The problem -
Starting at the first line of the records below, transcribe each line exactly, ending with the line that contains "Bright bedroom with".

Information provided -

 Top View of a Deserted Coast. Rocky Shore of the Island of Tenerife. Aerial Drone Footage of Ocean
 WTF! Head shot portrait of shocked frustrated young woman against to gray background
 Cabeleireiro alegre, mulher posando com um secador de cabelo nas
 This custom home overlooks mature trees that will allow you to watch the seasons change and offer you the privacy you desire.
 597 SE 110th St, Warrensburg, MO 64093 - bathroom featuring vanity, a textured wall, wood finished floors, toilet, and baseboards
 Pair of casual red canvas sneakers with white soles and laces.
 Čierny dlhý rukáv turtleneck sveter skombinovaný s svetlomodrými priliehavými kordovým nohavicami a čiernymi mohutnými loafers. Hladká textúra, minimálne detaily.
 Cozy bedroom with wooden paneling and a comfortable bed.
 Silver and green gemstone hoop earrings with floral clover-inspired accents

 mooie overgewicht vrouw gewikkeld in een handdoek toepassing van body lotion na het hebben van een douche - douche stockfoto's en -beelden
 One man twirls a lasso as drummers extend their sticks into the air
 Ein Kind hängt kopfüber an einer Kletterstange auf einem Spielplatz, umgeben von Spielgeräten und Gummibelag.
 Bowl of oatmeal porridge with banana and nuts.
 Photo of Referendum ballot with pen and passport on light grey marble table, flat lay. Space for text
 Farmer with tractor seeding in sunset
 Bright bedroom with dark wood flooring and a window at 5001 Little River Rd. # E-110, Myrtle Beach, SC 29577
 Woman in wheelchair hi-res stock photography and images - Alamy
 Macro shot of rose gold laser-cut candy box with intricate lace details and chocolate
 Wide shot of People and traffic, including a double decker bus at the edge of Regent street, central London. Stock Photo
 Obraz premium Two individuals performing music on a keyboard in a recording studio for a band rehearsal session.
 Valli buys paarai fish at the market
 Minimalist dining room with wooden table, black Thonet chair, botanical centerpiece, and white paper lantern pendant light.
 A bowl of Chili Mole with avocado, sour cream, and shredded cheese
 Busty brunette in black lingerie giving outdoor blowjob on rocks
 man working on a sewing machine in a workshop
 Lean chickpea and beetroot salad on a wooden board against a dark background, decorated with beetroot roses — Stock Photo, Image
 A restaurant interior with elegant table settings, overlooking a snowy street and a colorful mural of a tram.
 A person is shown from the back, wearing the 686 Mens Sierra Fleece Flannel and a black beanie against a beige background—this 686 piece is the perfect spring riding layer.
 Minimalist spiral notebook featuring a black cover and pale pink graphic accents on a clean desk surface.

Answer section -
 Top View of a Deserted Coast. Rocky Shore of the Island of Tenerife. Aerial Drone Footage of Ocean
 WTF! Head shot portrait of shocked frustrated young woman against to gray background
 Cabeleireiro alegre, mulher posando com um secador de cabelo nas
 This custom home overlooks mature trees that will allow you to watch the seasons change and offer you the privacy you desire.
 597 SE 110th St, Warrensburg, MO 64093 - bathroom featuring vanity, a textured wall, wood finished floors, toilet, and baseboards
 Pair of casual red canvas sneakers with white soles and laces.
 Čierny dlhý rukáv turtleneck sveter skombinovaný s svetlomodrými priliehavými kordovým nohavicami a čiernymi mohutnými loafers. Hladká textúra, minimálne detaily.
 Cozy bedroom with wooden paneling and a comfortable bed.
 Silver and green gemstone hoop earrings with floral clover-inspired accents

 mooie overgewicht vrouw gewikkeld in een handdoek toepassing van body lotion na het hebben van een douche - douche stockfoto's en -beelden
 One man twirls a lasso as drummers extend their sticks into the air
 Ein Kind hängt kopfüber an einer Kletterstange auf einem Spielplatz, umgeben von Spielgeräten und Gummibelag.
 Bowl of oatmeal porridge with banana and nuts.
 Photo of Referendum ballot with pen and passport on light grey marble table, flat lay. Space for text
 Farmer with tractor seeding in sunset
 Bright bedroom with dark wood flooring and a window at 5001 Little River Rd. # E-110, Myrtle Beach, SC 29577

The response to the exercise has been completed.